The members of the Security Council are divided into two cohorts, Cohort A and Cohort B. Cohort A shall have an initial term of 18 months, with subsequent terms of 12 months each. Cohort B shall have an initial term and subsequent terms of 12 months each.
At the end of term of each Cohort, the members of that Cohort may be re-appointed and new members may be appointed by Scroll Foundation. During the term of the Cohort, members of the Security Council may be removed by Scroll Foundation, where it is deemed necessary to safeguard the best interest of the Scroll DAO and Scroll Foundation.
The initial members of the Security Council are listed as follows.
Cohort A
- Haichen Shen (Up Labs): co-founder of Up Labs, leading the design and development of Scroll protocol and zkEVM circuits.
- L2BEAT: a leading research and analytics platform that offers in-depth analysis analysis on security, risks, and adoption of Ethereum L2 protocols and bridges, and advocates for higher security standards across the L2 ecosystem.
- OpenZeppelin: a leading provider of comprehensive security solutions, offering battle-tested solidity libraries, auditing services, and automated security tools to blockchain applications. They have audited Scroll’s bridge and rollup smart contracts.
- Péter Garamvölgyi (Up Labs): the protocol lead of Up Labs, leading the protocol design and node implementation of Scroll protocol.
- Yoav Weiss (Ethereum Foundation): a security researcher at the Ethereum Foundation, has been actively contributing to the Ethereum ecosystem since 2017, including account abstraction (ERC-4337), OpenGSN, Layer 2 security, etc.

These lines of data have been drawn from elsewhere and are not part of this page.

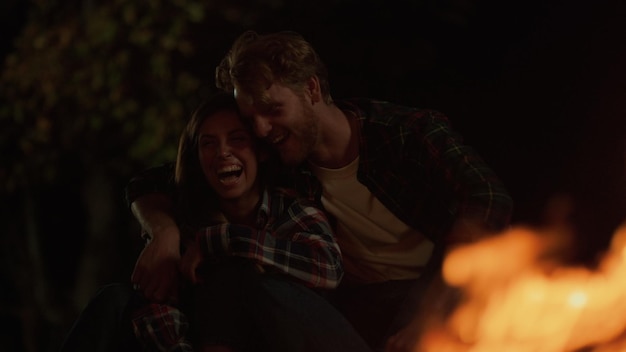 Fun couple laugh together on night camp site Close up smiling millennials have fun on romantic date Lovely family hug cuddle by bonfire Joyful lovers travel hike outdoors Happiness leisure concept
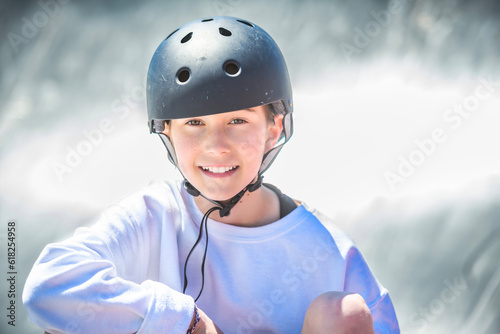 child girl playing skate or skateboard at parking to wearing safety helmet © Louis-Photo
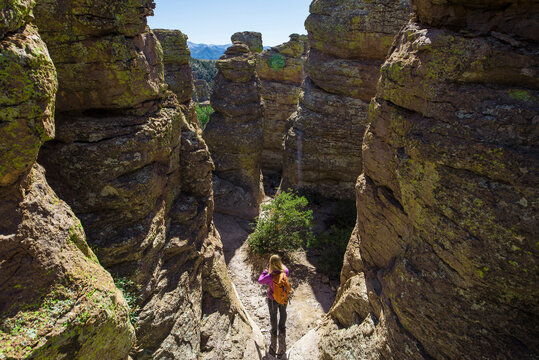 High angle view of woman with backpack standing amidst rocks during sunny day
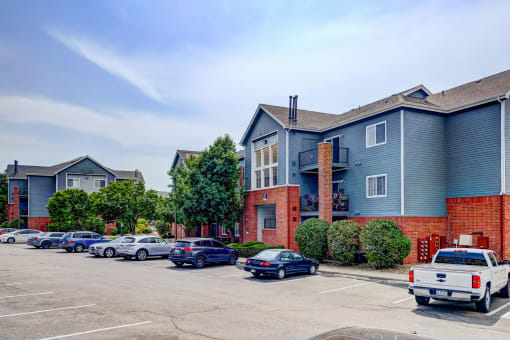 an empty parking lot in front of an apartment building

- Zellic: the security firm with deep expertise in blockchain security and cryptogrpahy, led by the best hackers in the world; also a founding member of the Security Alliance (SEAL). They have audited Scroll’s smart contracts and zero-knowledge circuits.
Cohort B
- 0xRajeev (Secureum): founder of Secureum and TrustX where he dedicates his time to scaling Ethereum security. During his 25 years in the security industry, he previously worked as a security researcher at Spearbit and collaborated with many leading security projects.
- Fredrik Svantes (Ethereum Foundation): the Protocol Security Research Team Lead at the Ethereum Foundation, experienced in red and blue teams, building and running a SOC, as a security architect, and as a CISO.
- Gauntlet: the leading model provider in crypto, building optimization data-driven strategies for tokens, protocols, and chains.
- Lefteris Karapetsas (Rotki): founder of rotki and a seasoned blockchain developer, known for his contributions to Ethereum’s early Solidity and core client development, the DAO, and the Raiden Network.
- Leo Alt (Powdr): co-founder of Powdr Labs and former formal verification lead at the Ethereum Foundation, specializing in security and performance.
- Shield3: a security and compliance platform dedicated to strengthening the security foundation of Web3 organizations through comprehensive incident response preparation; a founding member of the Security Alliance (SEAL) where they deliver customized security wargames and simulations.